## Data segment
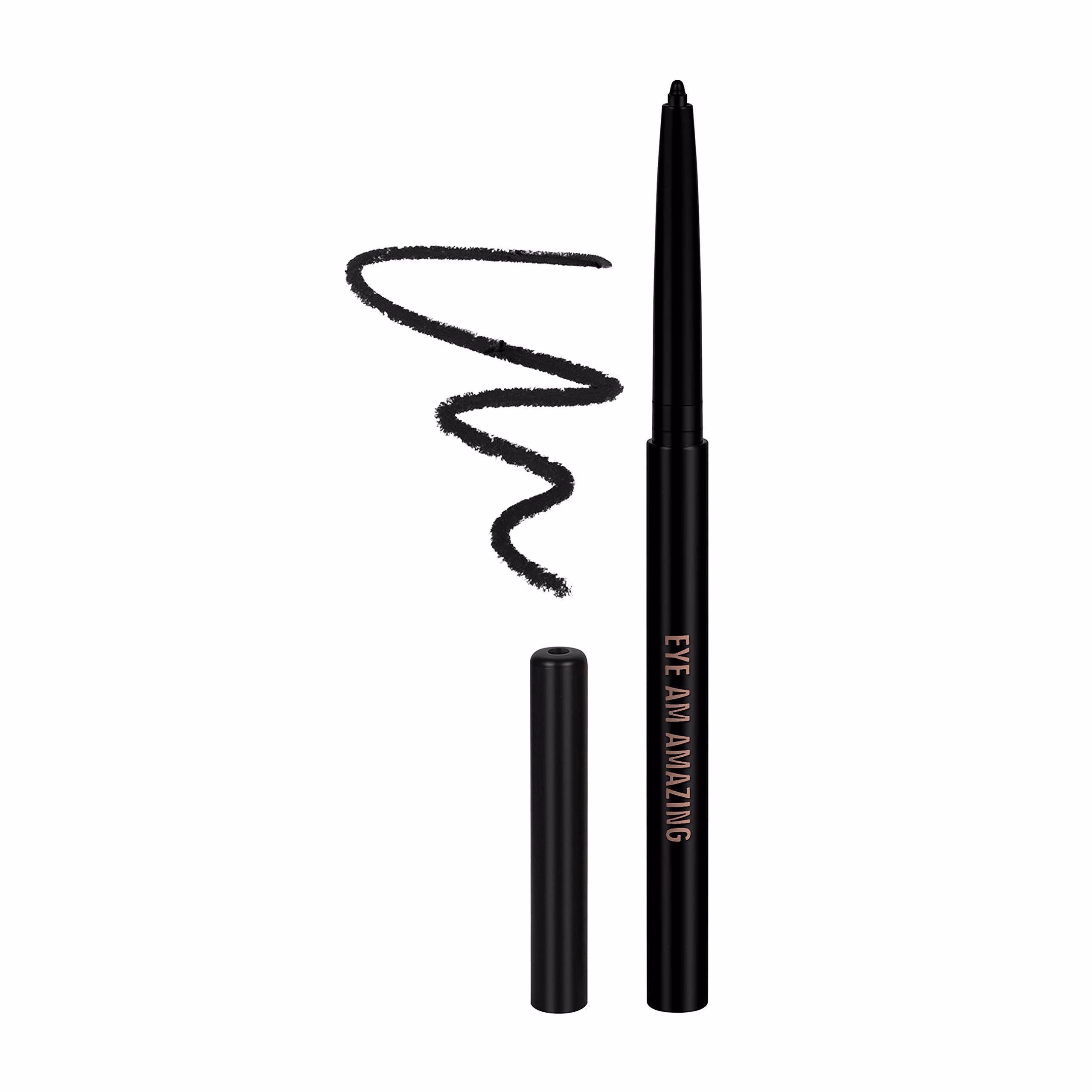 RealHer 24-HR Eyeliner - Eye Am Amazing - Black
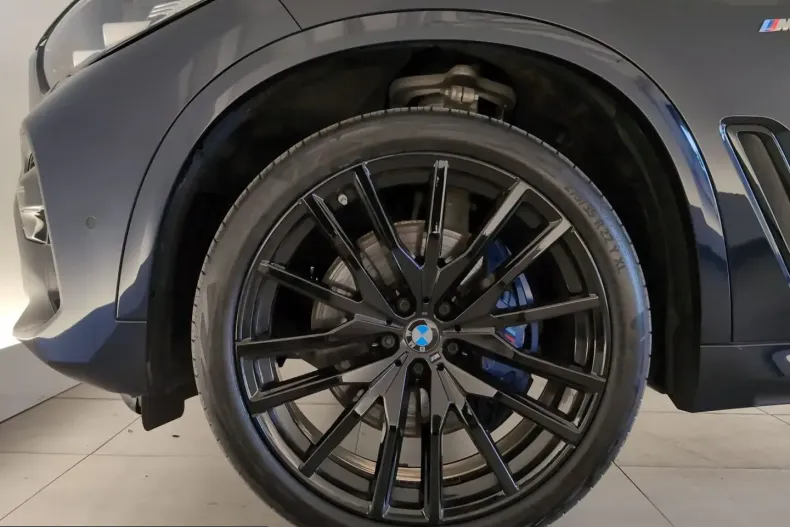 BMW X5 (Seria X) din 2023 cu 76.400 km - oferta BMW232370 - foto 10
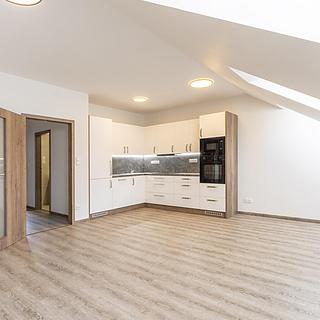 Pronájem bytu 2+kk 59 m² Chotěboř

## How to complete this task
Restate the full listing word for word, excluding images.

## Written answer
 RealHer 24-HR Eyeliner - Eye Am Amazing - Black
 BMW X5 (Seria X) din 2023 cu 76.400 km - oferta BMW232370 - foto 10
 Pronájem bytu 2+kk 59 m² Chotěboř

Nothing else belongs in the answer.